Alors que ses œuvres précédentes étaient centrées sur des éléments spécifiques tels que les pingouins, la glace et le ciel, Voyage au pôle Sud s’aventure sur un territoire plus personnel, plus intime. Luc Jacquet utilise sa propre narration en voix off pour partager ses pensées, réflexions et observations au cours de son périple. Non sans rappeler des cinéastes aux inclinaisons philosophiques tels que Werner Herzog ou Chris Marker.
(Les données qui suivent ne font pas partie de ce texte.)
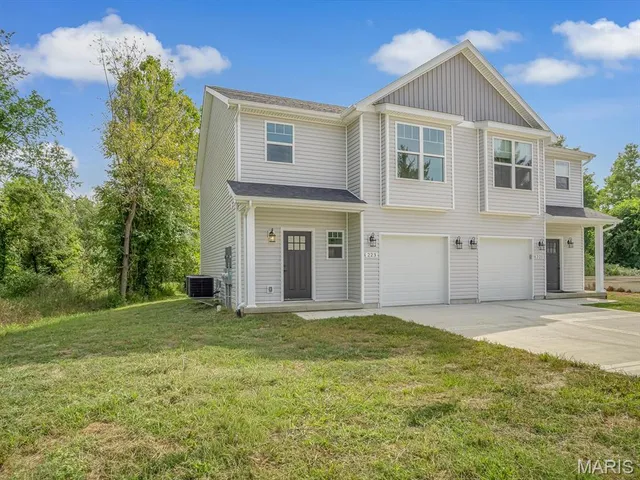 $269,000 | 223 Shoreline Drive, O'Fallon, IL 62269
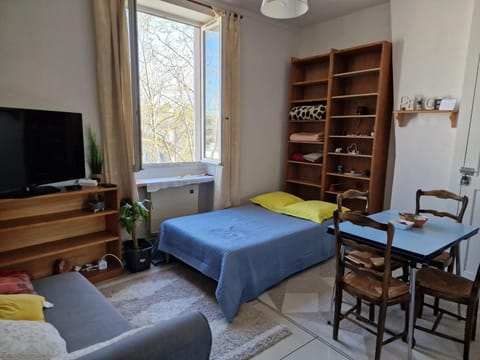 Bed, TV and multimedia, Living room, Dining area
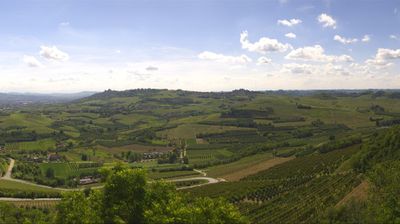 immagine della webcam nei dintorni di Lequio Berria: webcam Magliano Alfieri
Luc Jacquet n’atteint pas les mêmes sommets, mais il réussit quand même à maintenir l’intérêt du spectateur en traduisant l’inexprimable à travers ses propres expériences, en communion avec la nature.

Grandeur austère

Les aspects sonore et visuel méritent eux aussi d’être mentionnés. La musique omniprésente de Cyrille Aufort, traversant les genres néoclassiques avec aisance, permet de renforcer les émotions. Le design sonore vient soutenir l’ensemble, même s’il n’est pas toujours des plus subtils (mieux vaut ne pas être allergique au bruit des pas dans la neige ni au vent qui souffle). Les images, capturées avec des drones par un trio de directeurs de la photographie (Christophe Graillot, Jérôme Bouvier et Sarah Del Ben), affichent un noir et blanc très contrasté. Ce choix risqué s’avère visuellement frappant, offrant une perspective unique sur l’Antarctique. Le montage précis complète ces images, permettant à Luc Jacquet de partager visuellement son expérience de l’Antarctique de manière envoûtante.
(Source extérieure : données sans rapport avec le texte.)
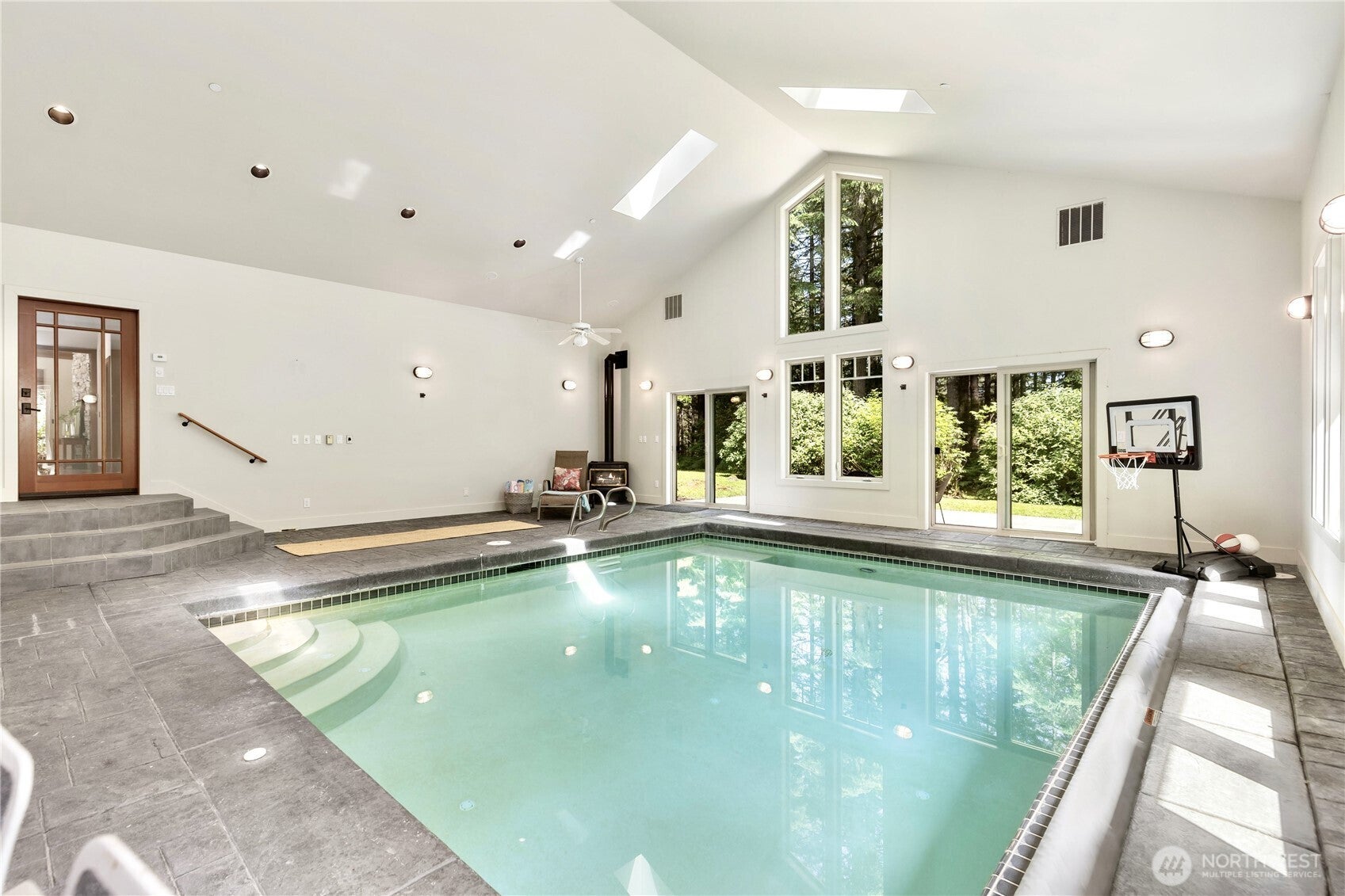 Carnation, Washington, 98014, United States, 3 Bedrooms Bedrooms, ,4 BathroomsBathrooms,Residential,Active,1945355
En résumé, Voyage au pôle Sud transcende les attentes habituelles accolées aux documentaires sur la nature. Le long-métrage va au-delà de la simple exploration des éléments physiques de l’Antarctique. Il tente plutôt de capturer l’essence magnétique de cette région inhospitalière. Une œuvre qui prend les atours d’un appel irrésistible pour le spectateur en quête d’aventure, de mystère et, bien sûr, de pingouins. Luc Jacquet persiste dans sa quête artistique et offre un regard introspectif sur sa propre fascination pour l’Antarctique, un continent qui ne cesse d’exercer une force magnétique sur son esprit créatif.

Ce documentaire ouvre une fenêtre sur l’âme du cinéaste et du continent blanc lui-même. Ce voyage se vit telle une expérience cinématographique immersive qui ne se contente pas de documenter la nature, mais qui explore également les mystères de l’âme humaine face à la grandeur austère de l’Antarctique.